The scan is one off, after that, it works based on inotify which scans the directory where the action happens, so all these scary things you listed are not that scary. Scanning mostly just does a bunch of stat() calls whch are almost free.

If someone has a patterns like:

!*.jpg
**

How do you not traverse everything? You are forced to traverse everything to find all the jpegs.

Sure, your case is different, as supposedly all your excludes are anchored and without wildcards in the middle, which would allow to optimise for this one case, by essentially checking that all includes have no wildcards, but you can’t optimise this for general purpose.

1 Like

That’s nice. Like I said, I wasn’t sure wether subsequent scans were impacted. But just to be sure : the thing about inotify is basically the “Watch for Changes” feature, right ? In the case of periodic “Full Rescans”, it stills traverses the whole tree, doesn’t it ? If that’s the case, even if those are almost free like you said, I guess I can just increase the rescan interval to make them even less noticeable (relying essentially on inotify). Just making sure I understood correctly here :wink:

That makes sense. I didn’t think of these use cases and I should be fine with this implementation.

Thank you for taking the time to explain.

1 Like

Yes

Yes

Not sure, I thought the interval was fixed when watch for changes is enabled, but perhaps I am wrong.

It isn’t fixed, there’s just separate default values with or without watching for changes.

Indeed.
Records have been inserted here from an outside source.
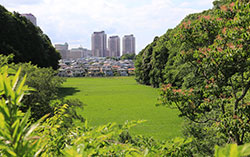 ユーカリが丘と田園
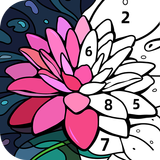 Coloring - color by number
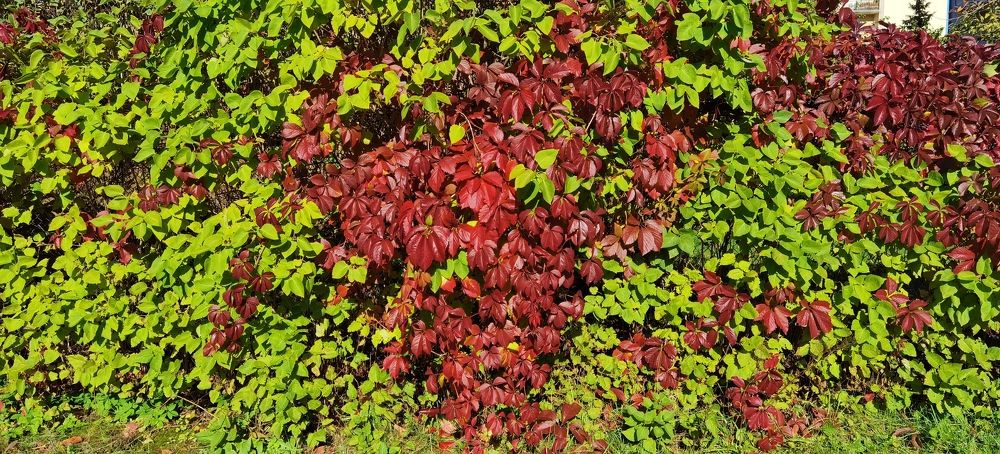 Photograph by Aleksandrs Konstantinovs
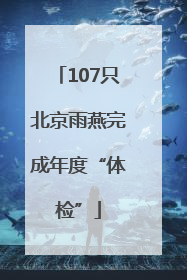 107只北京雨燕完成年度“体检”
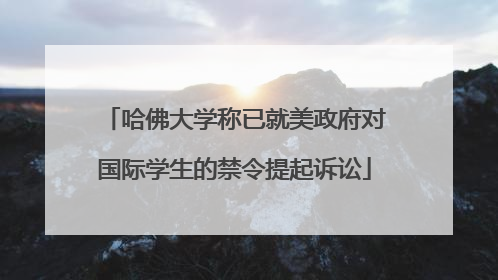 哈佛大学称已就美政府对国际学生的禁令提起诉讼
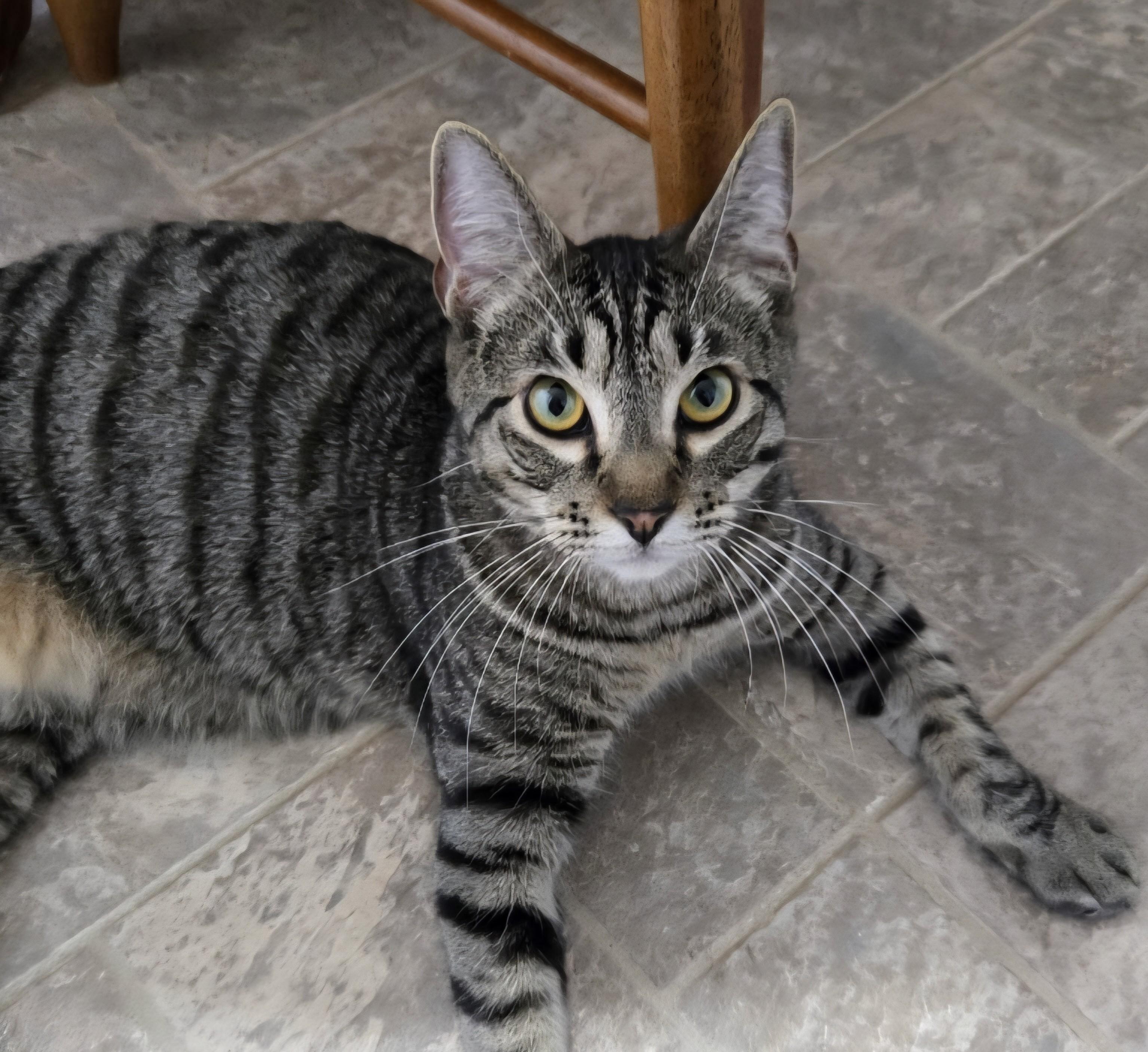 Boone C., Adoptable, Young Male Domestic Short Hair.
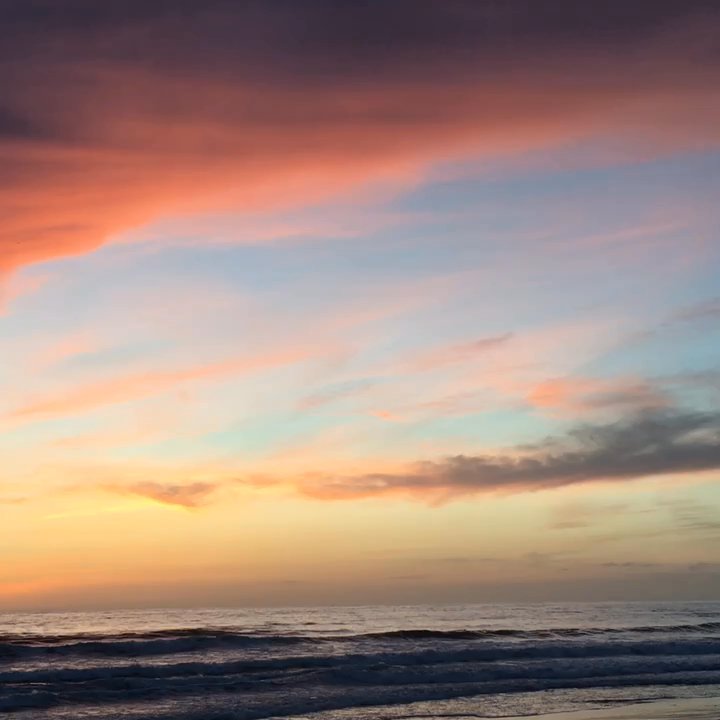 Nekter Juice Bar - Seaside Reef drinking my Health Nut Ty and evening sundown. Enjoy and Cheers    Rolldogg - Juice Bars & Smoothies Near Me - Encinitas, California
I increased the rescan interval so that it’s only done once a day and everything seems to work fine.

The only downside while I was setting this up was obviously the initial/manual scans that took several minutes. I ended up copying parts of the tree and create test folders on two devices, just so that I could quickly tweak my patterns without having to wait for the scan to finish every time I made a change.

So in the end, I still believe that it could be nice to have that optimization and, while it doesn’t seem easy to do, I’m not sure it’s impossible as long as all patterns are anchored : if there are no wildcards, well bingo, and if there are, there should still be a way to narrow down the tree (i.e. : determine which paths have to be traversed “to be sure”, and which can be safely avoided).

Anyway, I don’t know the code, so it’s just a guess and a suggestion. Plus I’m still pleased with the current implementation, so this thread can be closed as far as I’m concerned.

Thanks again

1 Like

This topic was automatically closed 30 days after the last reply. New replies are no longer allowed.